More details about the four different approaches follow below.
Why is curl not using HTTP/3 already?
It already does if you build it yourself with the right set of third party libraries. Also, the curl for windows binaries provided by the curl project supports HTTP/3.
For Linux and other distributions and operating system packagers, a big challenge remains that the most widely used TLS library (OpenSSL) does not offer the widely accepted QUIC API that most other TLS libraries provide. (Remember that HTTP/3 uses QUIC which uses TLS 1.3 internally.) This lack of API prevents existing QUIC libraries to work with OpenSSL as their TLS solution forcing everyone who want to use a QUIC library to use another TLS library – because curl does not easily allows itself to get built using multiple TLS libraries . Having a separate TLS library for QUIC than for other TLS based protocols is not supported.
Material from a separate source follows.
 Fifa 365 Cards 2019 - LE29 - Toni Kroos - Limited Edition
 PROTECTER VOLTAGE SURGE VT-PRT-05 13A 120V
Debian tries an experiment to enable HTTP/3 in their shipped version of curl by switching to GnuTLS (and building with ngtcp2 + nghttp3).
HTTP/3 backends
To get curl to speak HTTP/3 there are three different components that need to be provided, apart from the adjustments in the curl code itself:
TLS 1.3 support for QUIC
A QUIC protocol library
An HTTP/3 protocol library
Illustrated
Below, you can see the four different HTTP/3 solutions supported by curl in different columns. All except the right-most solution are considered experimental.
HTTP/3 backend support in curl, June 2024
From left to right:
the quiche library does both QUIC and HTTP/3 and it works with BoringSSL for TLS
msh3 is an HTTP/3 library that uses mquic for QUIC and either a fork family or Schannel for TLS
nghttp3 is an HTTP/3 library that in this setup uses OpenSSL‘s QUIC stack, which does both QUIC and TLS
nghttp3 for HTTP/3 using ngtcp2 for QUIC can use a range of different TLS libraries: fork family, GnuTLS and wolfSSL. (picotls is supported too, but curl itself does not support picotls for other TLS use)
ngtcp2 is ahead
ngtcp2 + nghttp3 was the first QUIC and HTTP/3 combination that shipped non-beta versions that work solidly with curl, and that is the primary reason it is the solution we recommend.
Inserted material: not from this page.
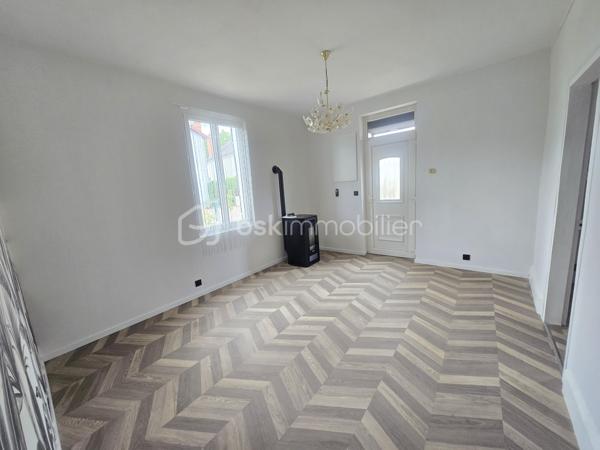 Maison de ville de 79 m²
The flexibility in TLS solutions in that vertical is also attractive as this allows users a wide range of different libraries to select from. Unfortunately, OpenSSL has decided to not participate in that game so this setup needs another TLS library.
OpenSSL QUIC
OpenSSL 3.2 introduced a QUIC stack implementation that is not “beta”. As the second solution curl can use. In OpenSSL 3.3 they improved it further. Since early 2024 curl can get built and use this library for HTTP/3 as explained above.
However, the API OpenSSL provide for doing transfers is lacking. It lacks vital functionality that makes it inefficient and basically forces curl to sometimes busy-loop to figure out what to do next. This fact, and perhaps additional problems, make the OpenSSL QUIC implementation significantly slower than the competition. Another reason to advise users to maybe use another solution.
We keep communicating with the OpenSSL team about what we think needs to happen and what they need to provide in their API so that we can do QUIC efficiently. We hope they will improve their API going forward.
Stefan Eissing produced nice comparisons graph that I have borrowed from his Performance presentation (from curl up 2024. Stefan also blogged about h3 performance in curl earlier.). It compares three HTTP/3 curl backends against each other. (It does not include msh3 because it does not work good enough in curl.)
As you can see below, in several test setups OpenSSL is only achieving roughly half the performance of the other backends in both requests per second and raw transfer speed. This is on a localhost, so basically CPU bound transfers.
HTTP/3 backend performance in curl compared, requests/second
HTTP/3 backend performance in curl compared, megabytes/second
I believe OpenSSL needs to work on their QUIC performance in addition to providing an improved API.
quiche and msh3
quiche is still labeled beta and is only using BoringSSL which makes it harder to use in a lot of situations.
msh3 does not work at all right now in curl after a refactor a while ago.
HTTP/3 is a CPU hog
This is not news to anyone following protocol development. I have been repeating this over and over in every HTTP/3 presentation I have done – and I have done a few by now, but I think it is worth repeating and I also think Stefan’s graphs for this show the situation in a crystal clear way.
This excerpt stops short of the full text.